GOAL OF THE EXERCISE: Omitting all images, transcribe the listing word for word.

DATASET EXTRACT:
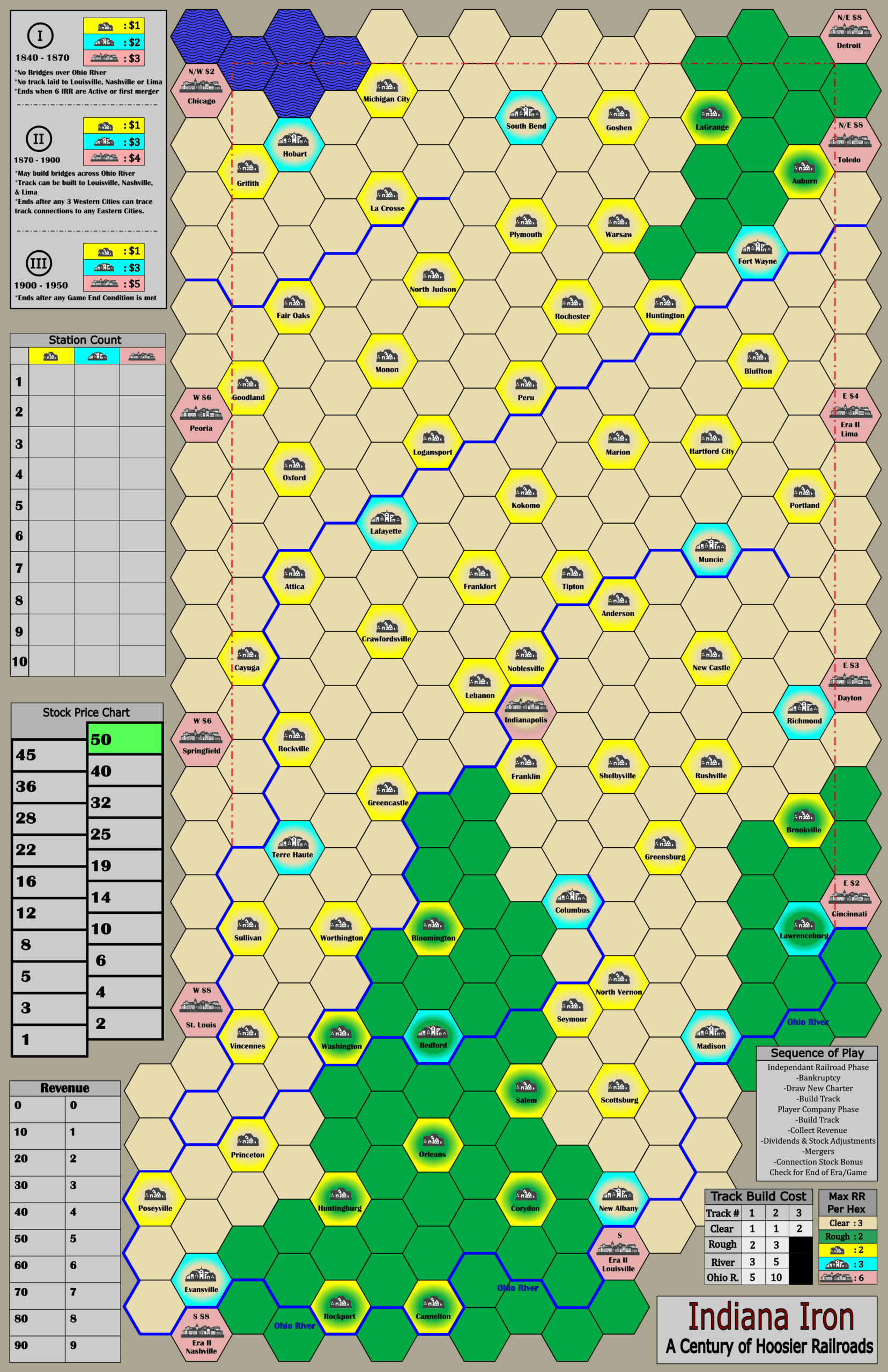Century of Iron: Indiana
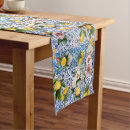 Search for mediterranean table runners Pattern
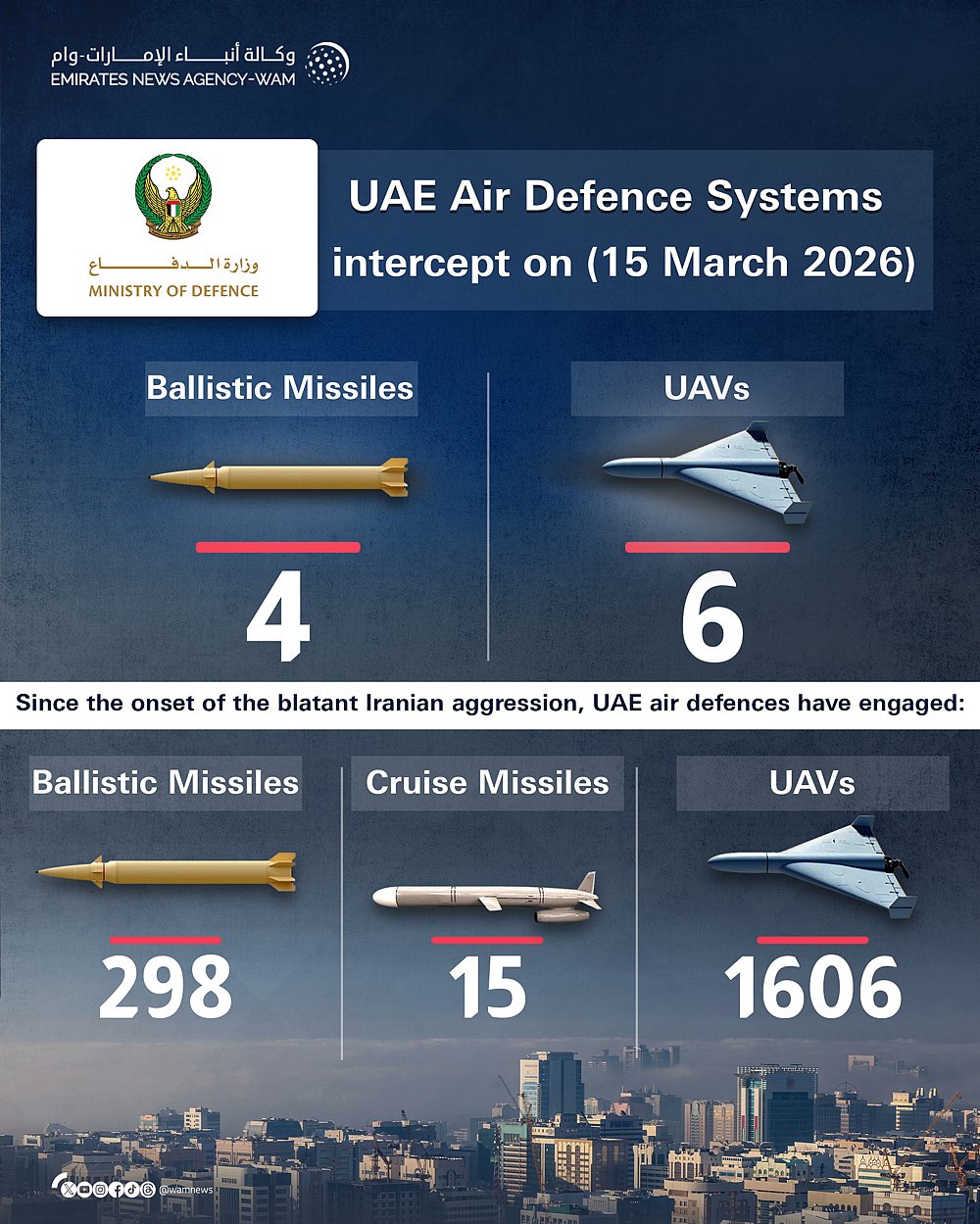 UAE air defences intercept 4 Iranian ballistic missiles and 6 drones today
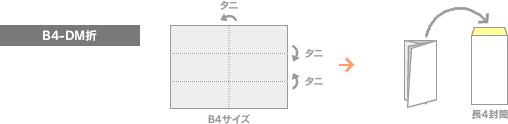 B4 DM折の図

EXERCISE RESPONSE:
Century of Iron: Indiana
 Search for mediterranean table runners Pattern
 UAE air defences intercept 4 Iranian ballistic missiles and 6 drones today
 B4 DM折の図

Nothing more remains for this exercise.